▶ Task objective
Could you reproduce the lines below from the one with "Puma sneakers Green velvet boots $60 Size 8" through the one with "2024 GMC Sierra"? Keep both ends and add nothing.

________________

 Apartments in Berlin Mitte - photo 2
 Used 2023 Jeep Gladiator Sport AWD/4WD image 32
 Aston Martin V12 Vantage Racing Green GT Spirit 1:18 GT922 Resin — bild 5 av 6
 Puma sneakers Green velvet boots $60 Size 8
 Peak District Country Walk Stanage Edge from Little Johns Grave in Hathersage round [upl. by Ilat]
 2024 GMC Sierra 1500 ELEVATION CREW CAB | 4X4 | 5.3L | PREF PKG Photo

________________

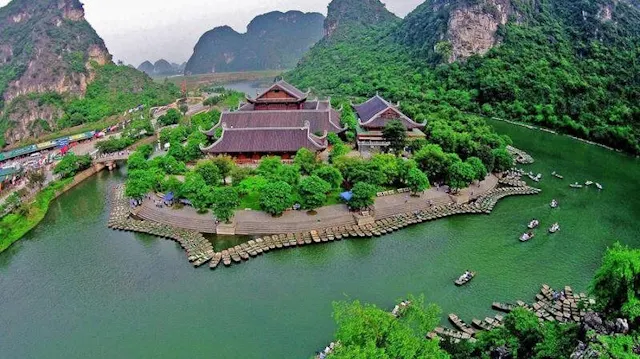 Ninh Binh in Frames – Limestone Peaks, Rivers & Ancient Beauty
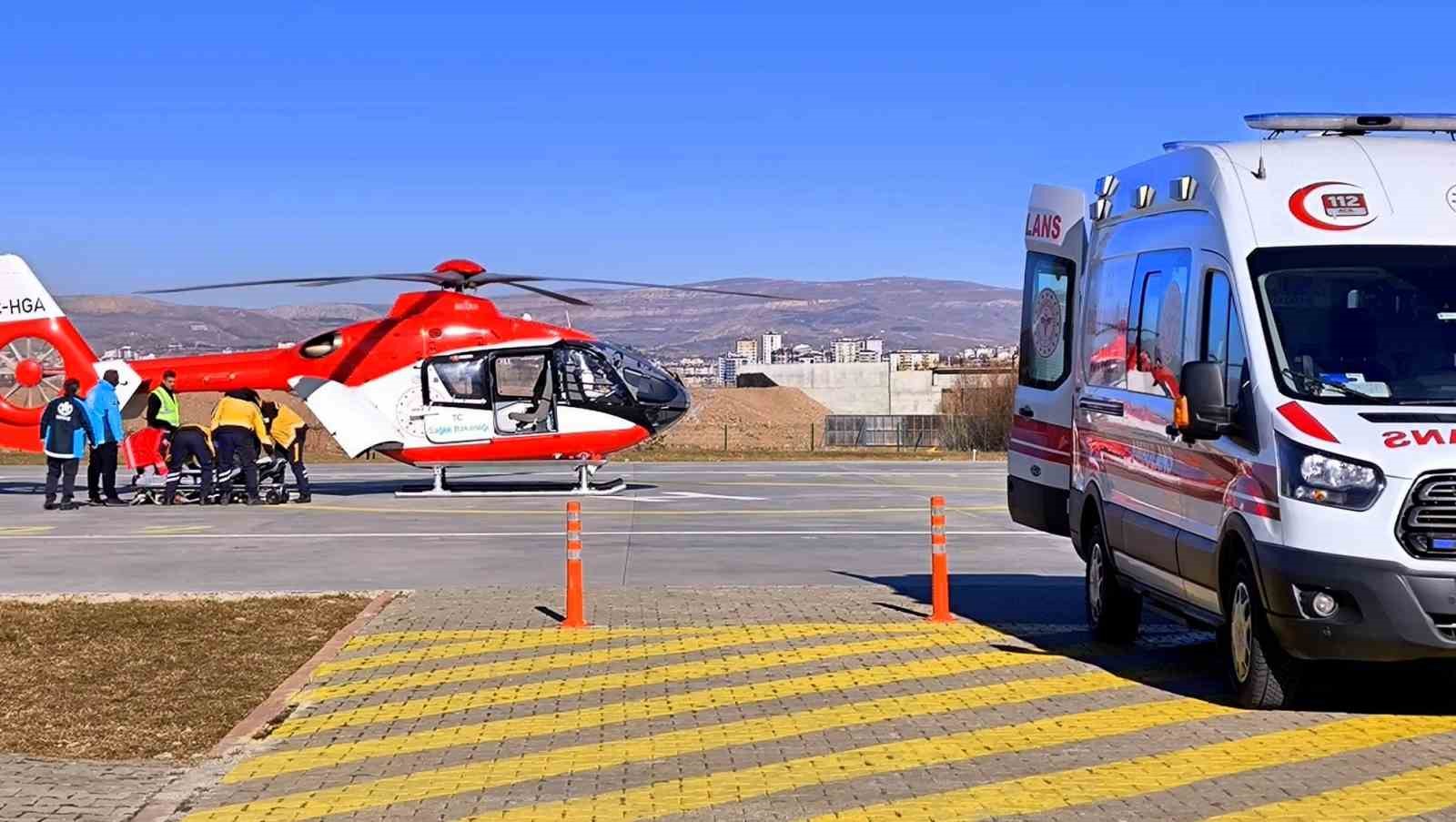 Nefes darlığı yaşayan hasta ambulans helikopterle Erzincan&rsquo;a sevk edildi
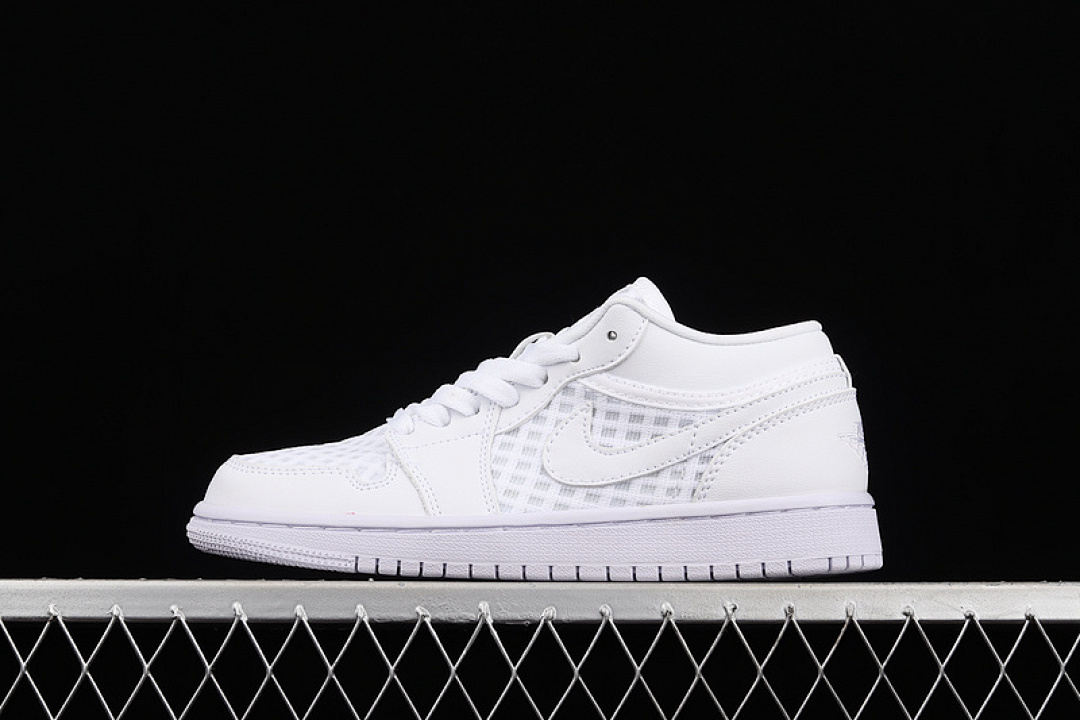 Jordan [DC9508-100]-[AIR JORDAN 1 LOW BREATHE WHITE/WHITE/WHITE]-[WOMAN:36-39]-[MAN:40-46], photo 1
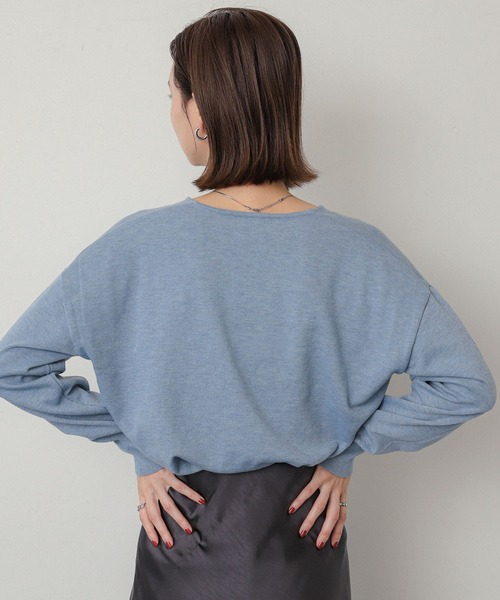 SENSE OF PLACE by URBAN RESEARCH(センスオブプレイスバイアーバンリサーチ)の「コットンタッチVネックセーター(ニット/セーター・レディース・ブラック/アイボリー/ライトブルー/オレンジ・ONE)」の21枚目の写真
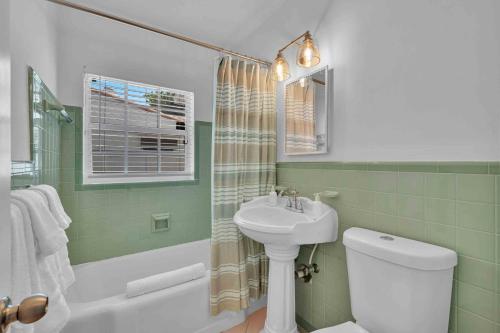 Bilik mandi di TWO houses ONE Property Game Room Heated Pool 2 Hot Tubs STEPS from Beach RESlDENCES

________________

▶ Response area
 Puma sneakers Green velvet boots $60 Size 8
 Peak District Country Walk Stanage Edge from Little Johns Grave in Hathersage round [upl. by Ilat]
 2024 GMC Sierra 1500 ELEVATION CREW CAB | 4X4 | 5.3L | PREF PKG Photo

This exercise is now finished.